OGJ Newsletter
GENERAL INTEREST — Quick Takes
Shell anticipates loss of 2,800 jobs after BG merger
Following completion of its proposed merger with BG Group PLC, Royal Dutch Shell PLC says it expects an overall potential reduction of 2,800 jobs globally across the group, or 3% of the total combined group workforce (OGJ Online, Apr. 8, 2015). Shell deems the moves necessary to "achieve the expected benefits of the recommended combination, including previously disclosed and reported-on pretax synergies of $3.5 billion."
With BG's business expected to be integrated into Shell's business, Shell proposes that office consolidation is undertaken "where practical" in certain locations around the world.

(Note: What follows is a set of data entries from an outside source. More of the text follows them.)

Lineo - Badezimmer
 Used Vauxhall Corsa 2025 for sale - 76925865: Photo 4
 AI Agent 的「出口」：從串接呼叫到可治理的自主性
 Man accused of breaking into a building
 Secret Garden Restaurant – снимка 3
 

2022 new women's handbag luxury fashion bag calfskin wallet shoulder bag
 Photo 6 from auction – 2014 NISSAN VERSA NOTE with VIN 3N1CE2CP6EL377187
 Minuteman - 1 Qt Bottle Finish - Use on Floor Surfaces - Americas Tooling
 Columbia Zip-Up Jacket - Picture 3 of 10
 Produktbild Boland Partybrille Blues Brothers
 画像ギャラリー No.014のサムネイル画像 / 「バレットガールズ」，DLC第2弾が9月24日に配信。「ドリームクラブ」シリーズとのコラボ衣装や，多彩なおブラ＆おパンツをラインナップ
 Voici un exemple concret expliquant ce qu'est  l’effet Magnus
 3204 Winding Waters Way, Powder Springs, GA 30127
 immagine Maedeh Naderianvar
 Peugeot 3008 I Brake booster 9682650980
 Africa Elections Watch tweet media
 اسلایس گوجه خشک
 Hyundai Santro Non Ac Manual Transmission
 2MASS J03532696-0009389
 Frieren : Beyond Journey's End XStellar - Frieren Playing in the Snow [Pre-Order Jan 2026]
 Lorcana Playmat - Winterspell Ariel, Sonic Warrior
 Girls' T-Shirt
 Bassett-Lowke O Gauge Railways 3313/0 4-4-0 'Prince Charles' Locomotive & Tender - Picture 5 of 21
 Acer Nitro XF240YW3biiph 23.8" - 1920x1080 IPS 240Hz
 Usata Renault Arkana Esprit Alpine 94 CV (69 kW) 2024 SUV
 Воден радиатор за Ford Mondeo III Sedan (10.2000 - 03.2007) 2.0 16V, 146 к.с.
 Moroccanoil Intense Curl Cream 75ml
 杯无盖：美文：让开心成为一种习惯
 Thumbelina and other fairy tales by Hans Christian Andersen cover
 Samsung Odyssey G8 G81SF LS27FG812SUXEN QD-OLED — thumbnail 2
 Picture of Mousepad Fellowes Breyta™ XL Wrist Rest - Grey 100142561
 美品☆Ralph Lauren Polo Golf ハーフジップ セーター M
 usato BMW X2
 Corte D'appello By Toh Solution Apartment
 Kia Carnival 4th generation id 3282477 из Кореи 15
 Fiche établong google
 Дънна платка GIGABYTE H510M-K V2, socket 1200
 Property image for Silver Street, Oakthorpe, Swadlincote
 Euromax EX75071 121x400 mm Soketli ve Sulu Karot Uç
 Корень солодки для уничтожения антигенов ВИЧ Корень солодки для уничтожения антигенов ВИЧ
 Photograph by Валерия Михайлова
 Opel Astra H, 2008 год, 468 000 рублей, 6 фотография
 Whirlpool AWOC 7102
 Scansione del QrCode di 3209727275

With regards to office footprint rationalization in the UK, Shell says it will, following deal completion, undertake a comprehensive review during the course of 2016.
The reductions are in addition to previously announced plans to reduce Shell's headcount and contractor positions by 7,500 globally. The newly proposed changes are subject to deal completion, engagement with affected employees, and relevant employee representatives.
Shell says further detailed work will be undertaken on the details of the proposed operational and administrative restructuring as part of ongoing integration planning. The deal remains on track for completion in early 2016.
Magnum Hunter files for bankruptcy protection
Magnum Hunter Resources Corp., Irving, Tex., has filed for Chapter 11 bankruptcy in a restructuring that involves $200 million in debtor-in-possession financing and conversion of debt into equity.
The company said support of creditors for its restructuring plan will enable it to emerge from bankruptcy with greatly diminished debt next April.
It has entered a restructuring support agreement with lenders that hold nearly all its first-lien debt, 66.5% in principal amount of its second-lien debt, and 79% in principal amount of its senior unsecured notes.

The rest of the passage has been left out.